"The least we can do is try to be there."
That's what Annie Dillard counsels in her 1974 book, Pilgrim at Tinker Creek, when it comes to what we do about the fact that “beauty and grace are performed whether or not we will or sense them.”
It's tucked under the heading Heaven and Earth in Jest — a bewitching chapter title that qualifies as a 1970s analog version of clickbait. Minus unscrupulous trickery to snag your email address.
I scored a dreamy, old, dog-eared, and fragile-faded-pages first edition copy of the book for under $2 online. There's romance in well worn used books, especially library gems with those manila pocket inserts into which hand-stamped due date cards sit frozen in pre-Kindle era time.

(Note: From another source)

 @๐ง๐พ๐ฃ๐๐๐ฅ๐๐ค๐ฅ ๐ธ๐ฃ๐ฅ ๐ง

It's the finest winter mindfulness reading investment I've made in years.
Few writers in my lifetime rise to the Thoreau-like heights of Dillard when it comes to chronicling the value of undistracted observation. The art of being curious and attentive to what's happening, while it's happening.
With 2017 in our rearview mirror, more than a few of us find ourselves back in the unwelcome terrain of feeling crushed by alarming headlines while jostling around figuring out how to take it in. Is there a way to stay responsibly informed and take appropriate action without sacrificing full custody of our nervous systems?

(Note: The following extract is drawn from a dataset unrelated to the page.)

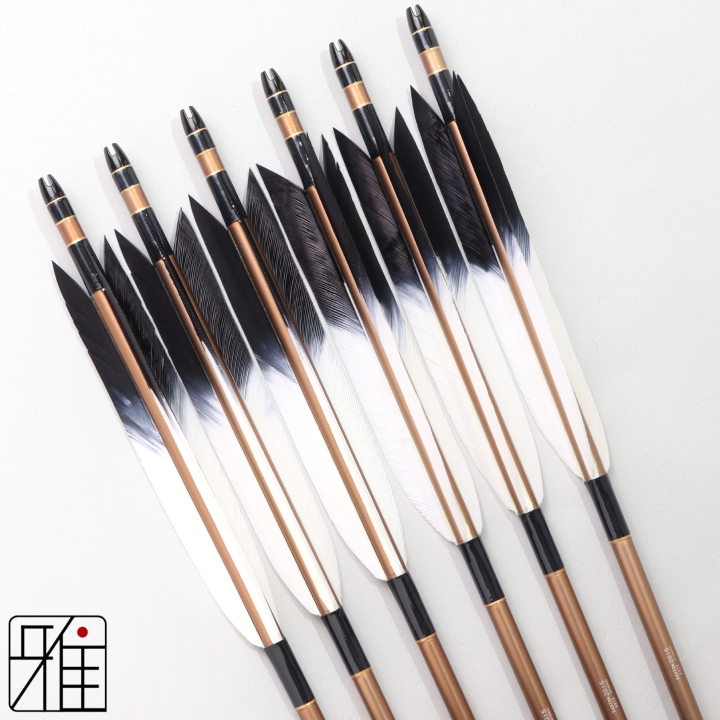 弓道 ジュラ矢 ターキー先黒染羽 2015茶|6本組|矧糸:黒系|202091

Dillard's chronicle of a full year of close observation of a small Virginia waterway overflows with clues.
When we cultivate the skill of awe, every moment is an opportunity to refresh our experience of grace. We make more intelligent decisions from that headspace. Take a look out your window right now. That particular swatch of color with that angle and quality of light won't come around again.
The least you can try and do is be there for it.
We'd do well to devote at least a fraction of the time and energy we put into scrolling media feeds into present moment acknowledgment of the non-virtual landscape.